Olgu sunumu: 22 yaşındaki annenin 1. gebeliğinden 1. yaşayan olarak 32+1 haftalık 2000 gr, sezeryanla ile doğan erkek bebek, solunum sıkıntısı nedeniyle yenidoğan yoğun bakım ünitesine yatırılmış. 1. ve 5. dk’daki apgar skorları 8 ve 9, laboratuvar sonuçları normal olarak değerlendirilmiş. Postnatal 3. günde umblikal katater takılmış. Aynı gün alt ekstremitelerde dolaşım bozukluğu gelişmesi, hipotansif seyretmesi ve solunum sıkıntısının artması üzerine entübe edilmiş. Kontrol kanlarında Hb 5,5 g/dl, Hct 15,8, INR 1,58 izlenmiş. Hastanın görüntülemelerinde transfontanel USG (ultrasonografi) normal, karın USG’si ise splenik hilusda 36x34x31mm boyutunda hematom ve batında yoğun internal ekolar içeren, derinliği 4 cm’ye ulaşan masif hemoperiton olarak raporlanmış. Öncelikle umblikal katater ile ilişkili komplikasyon olabileceği düşünülüp, umblikal katater çekilmiş. Hastaya bu süreçte 3 kez 15ml/kg’dan eritrosit süspansiyonu, 1 kez 10 ml/kg’dan taze donmuş plazma ve 1 kez kriopresipitat verilmiş. Transfüzyonlar sonrası Hb:18,6 g/dl’ye kadar yükseltilmiş, ancak kontrolünde tekrar 9,3 g/dl'e düşmesi üzerine hasta tarafımıza danışıldı. Hastanın destek tedavisine rağmen hemodinamisinin stabil olmaması ve fizik incelemede batın distansiyonu, gerginlik ve hassasiyetinin olması üzerine acil ameliyata alındı. Eksplorasyonda bol miktarda hemorajik mayi ve pıhtı aspire edildi.
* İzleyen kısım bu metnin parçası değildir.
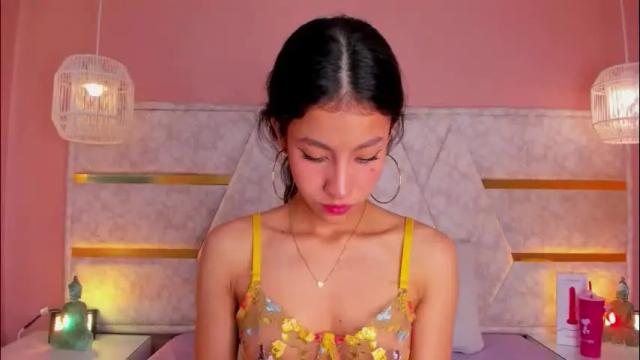 Image 4 of aby_lee_ Stream on Chaturbate on 1 month ago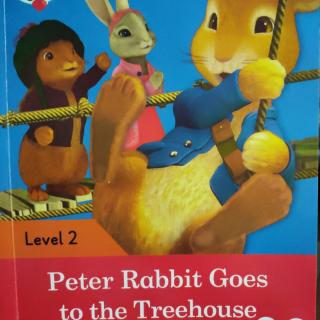 Day 176 - Go to the Treehouse 2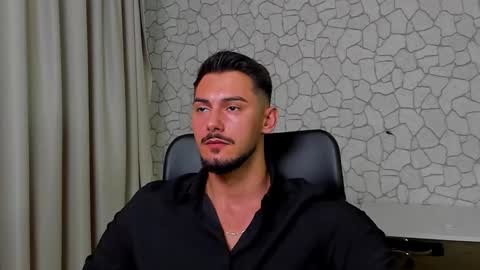 Snapshot of clintmasterss chatting on 10.02.25 ClintMasterss online show from 10.02.25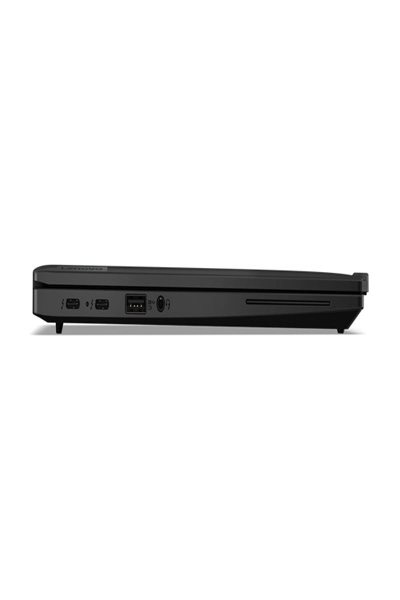 Lenovo ThinkPad X13 - 13.3" Notebook - Core Ultra 5 4.3 GHz 33.8 cm - 21LU000VMH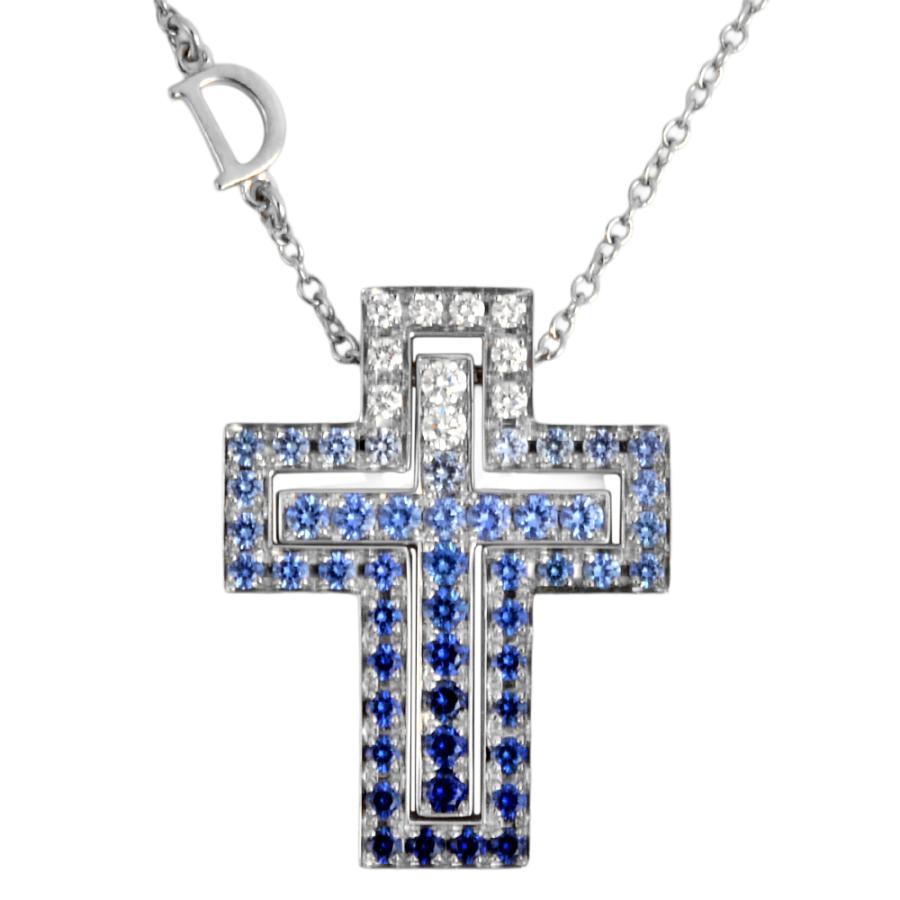 まさ様DAMIANI ベルエポック アイスバーグS ダミアーニ、日本限定ネックレス「ベル エポック・アイスバーグ」を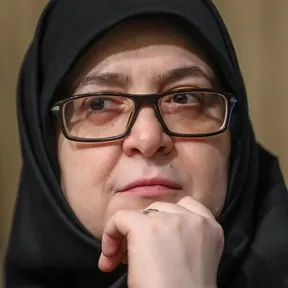 Fatemeh Mohajerani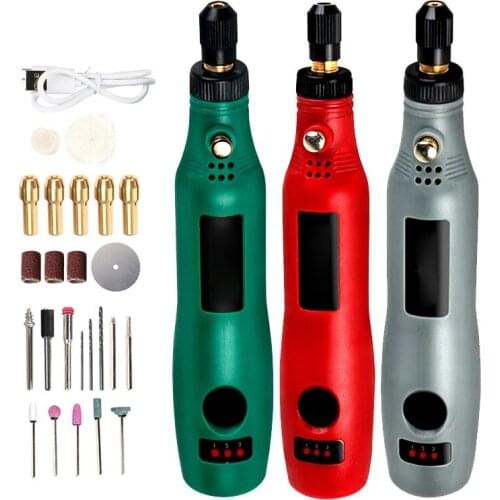 NEWONE Electric Engravers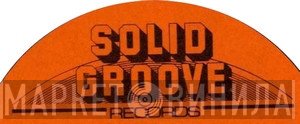 Solid Groove Records - Винил CD и Кассеты лейбла Solid Groove Records на сайте МаркетВинила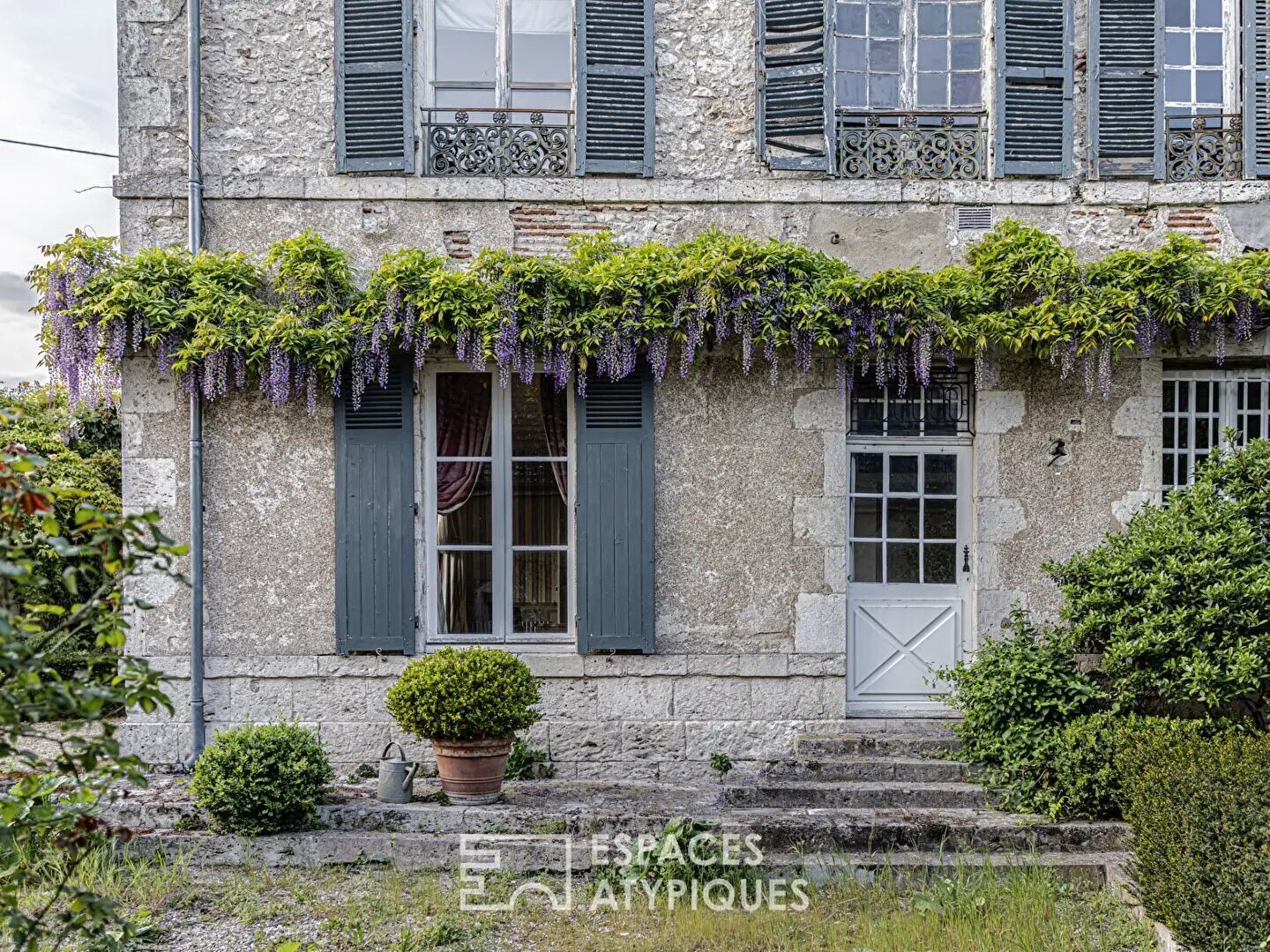 Maison à vendre, 307m², Meung-sur-Loire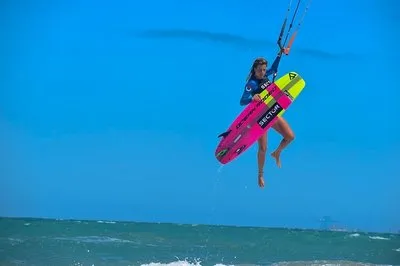 strapless kitesurf corsi tarifa
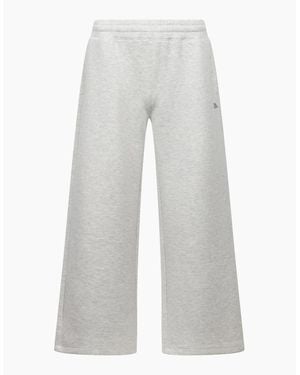 Trespass Ladies Sollas Jogging Bottoms - Grey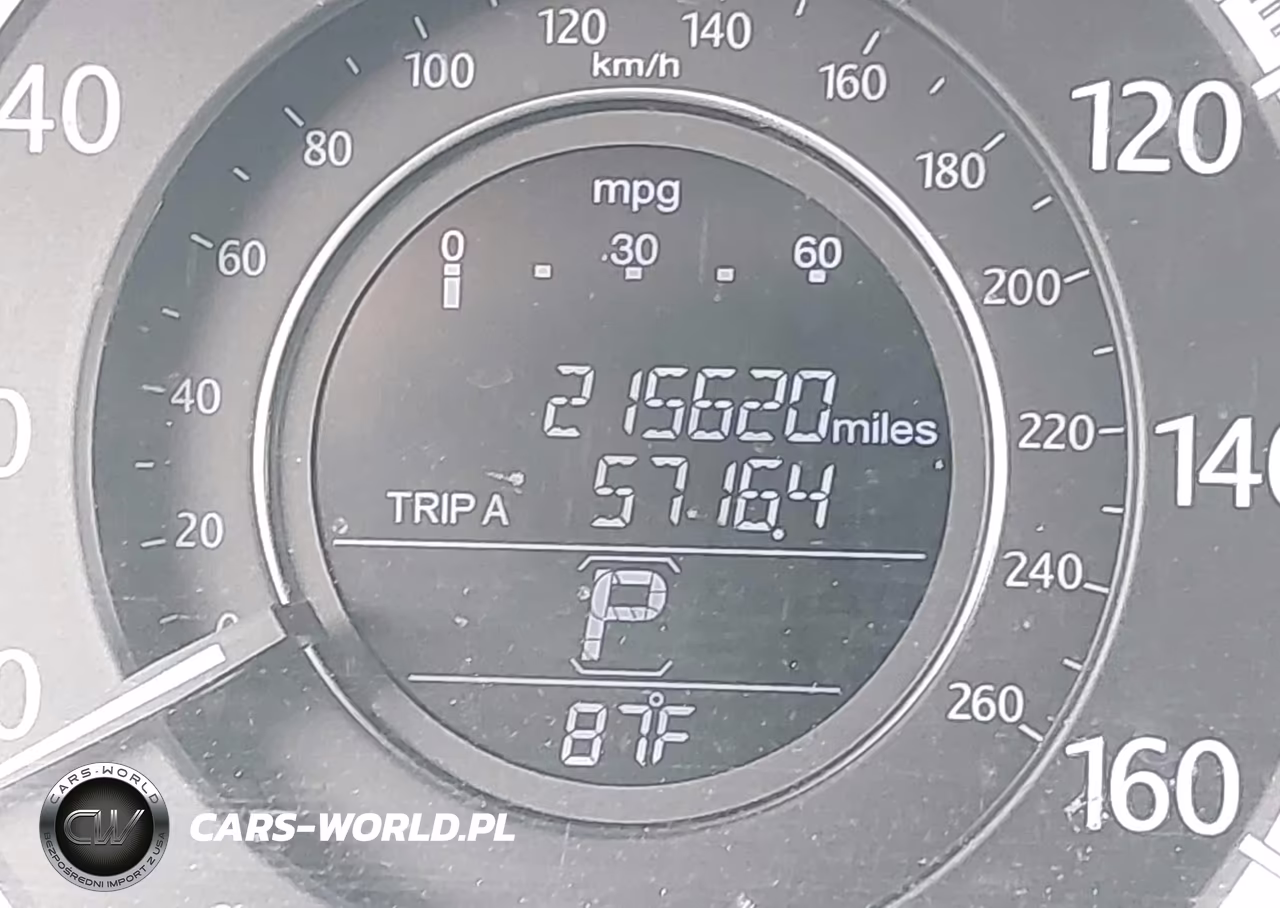 2015 Honda Accord Ex-L VIN:1HGCR2F88FA113260 - 15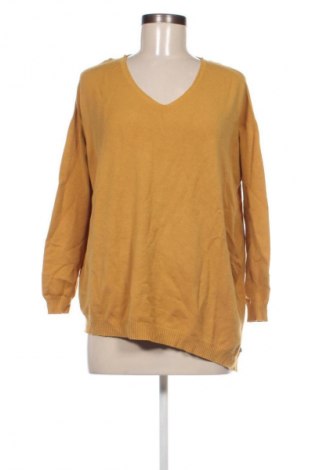 Damenpullover Dixie, Größe M, Farbe Gelb, Preis € 101,99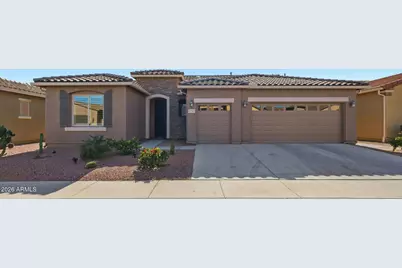 41709 W Harvest Moon Drive, Maricopa, AZ 85138 - Photo 2
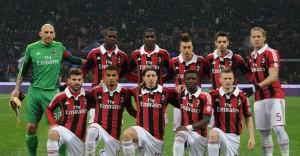 squadra derby (spaziomilan)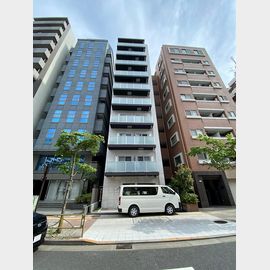 錦糸町駅より徒歩9分 5階 築6年2ヶ月の賃貸物件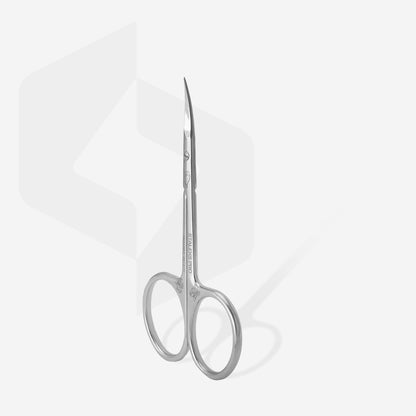 STALEKS EXCLUSIVE 22 TYPE 2 Professional cuticle scissors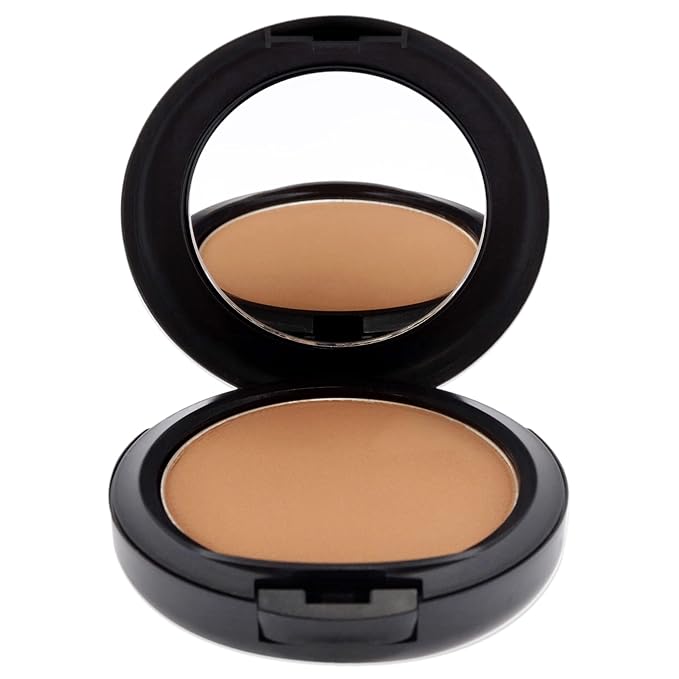 Mac Studio Fix Powder Plus Foundation Nw40 15gm/0.52 0.52 Oz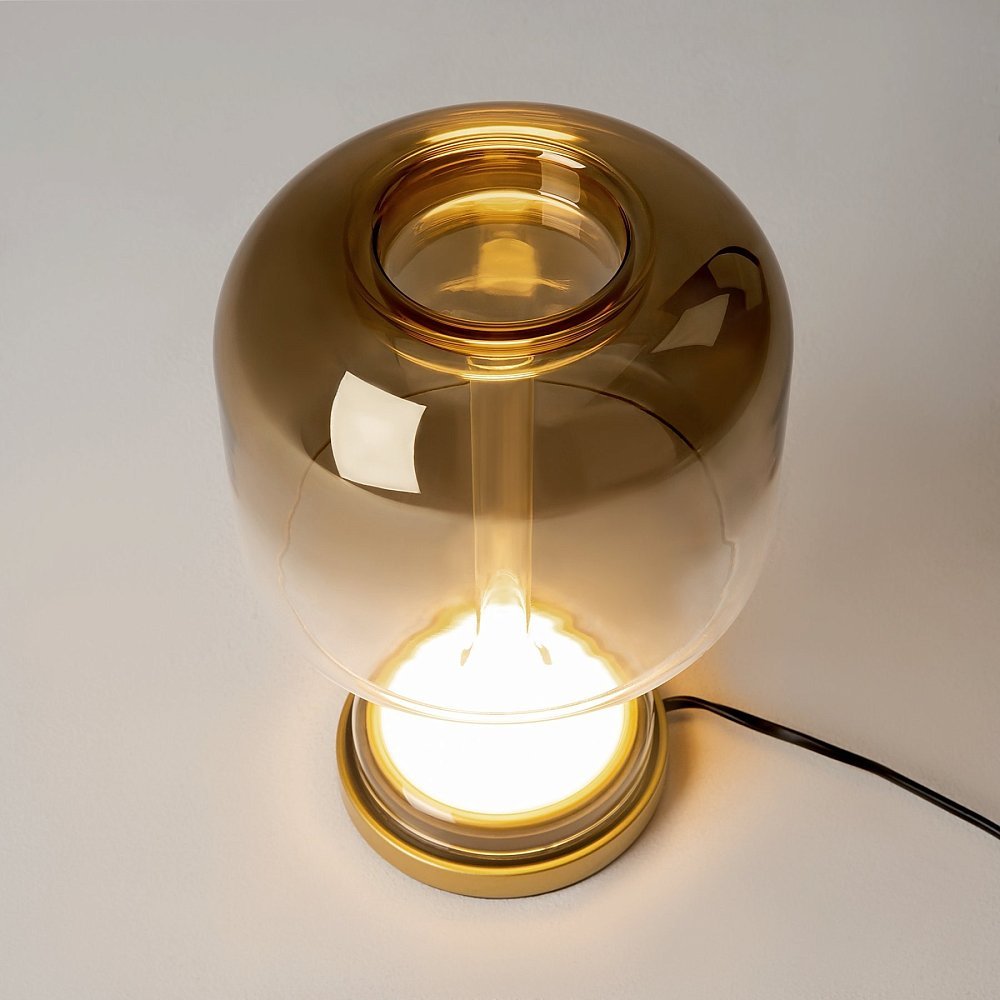 Настольный светильник Spirito MOD286TL-L8G3K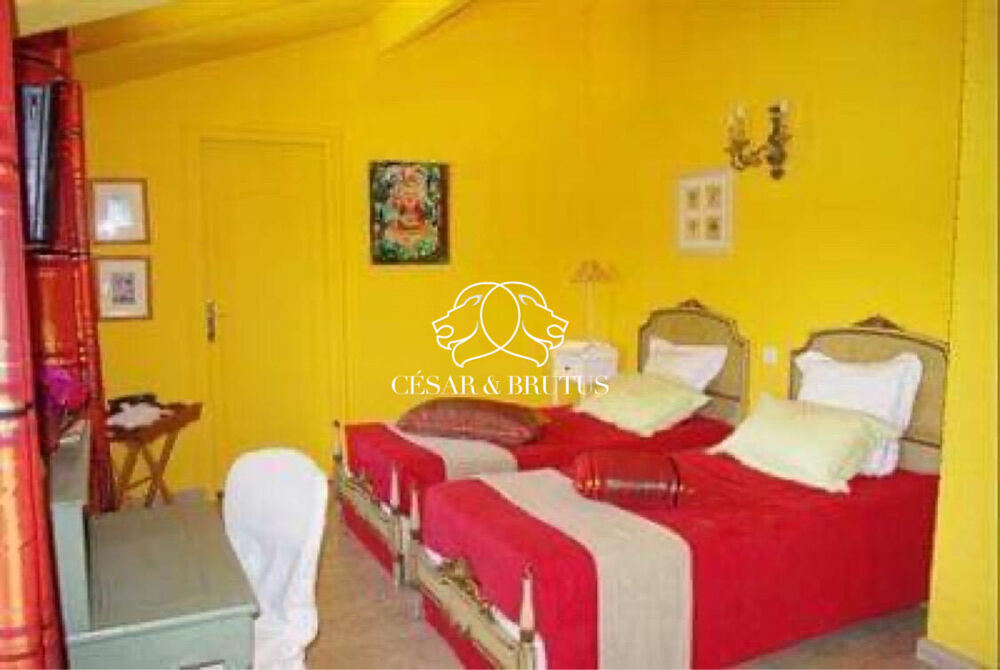  vendre  Maison Toulouse (31000)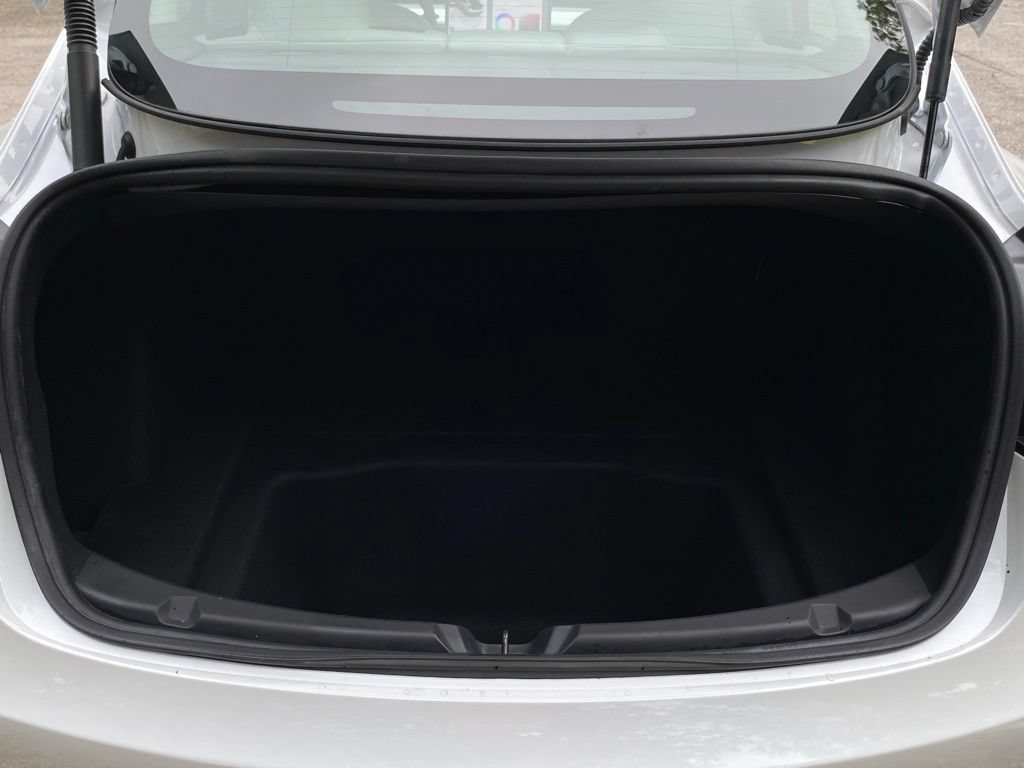 Used 2022 Tesla Model 3 Long Range AWD/4WD image 12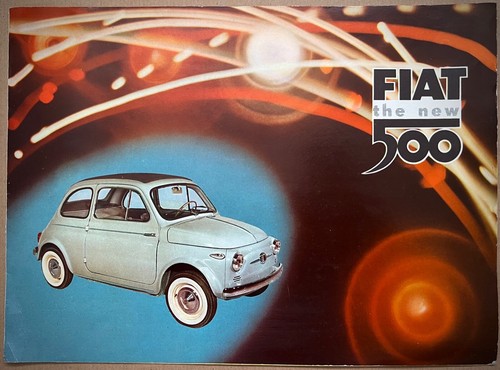 Fiat the new - fiat,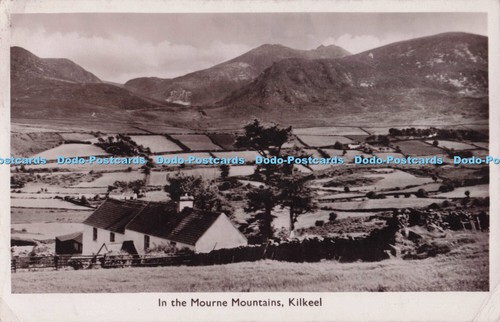 R695880 kilkeel the mourne - kilkeel., in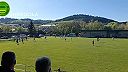 TJ Svrčinovec vs ŠK Radoľa 0:4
Sol üst kadranda dalak lojunda hematom izlendi. Dalak kapsülü yırtılmış ve dalak hilusunda ve superiorunda aktif, sızıntı şeklinde kanama odakları görüldü. Vasküler yapılar korunarak kanama odakları koterize edildi ve surgıcell koyularak kontrol altına alındı. Splenektomi gerekmedi. Dalak lojuna dren yerleştirilerek işlem sonlandırıldı. Postoperatif 3. günde dreni çekildi. Takibinde prematürite ile ilişkili ek problemlerinin tedavisi sonrası hasta postop 24. gününde taburcu edildi. Hastanın 5 aylık takibinde sorunu olmadı. Nörolojik gelişimi normal izlendi.
Sonuç: Spontan dalak rüptürü yenidoğanlarda yüksek mortalite ile seyreden nadir bir cerrahi acil durumdur. Yenidoğan döneminde travma öyküsü olmaksızın spontan dalak rüptürü görülebileceği akılda tutulmalıdır. Bu yenidoğanların hayatta kalabilmesi için yüksek klinik şüphe, erken tanı ve hızlı tedavi kritik öneme sahiptir. Uygun olan hastalarda dalak koruyucu cerrahi tedavinin güvenli ve tercih edilmesi gereken bir yöntem olduğunu düşünüyoruz.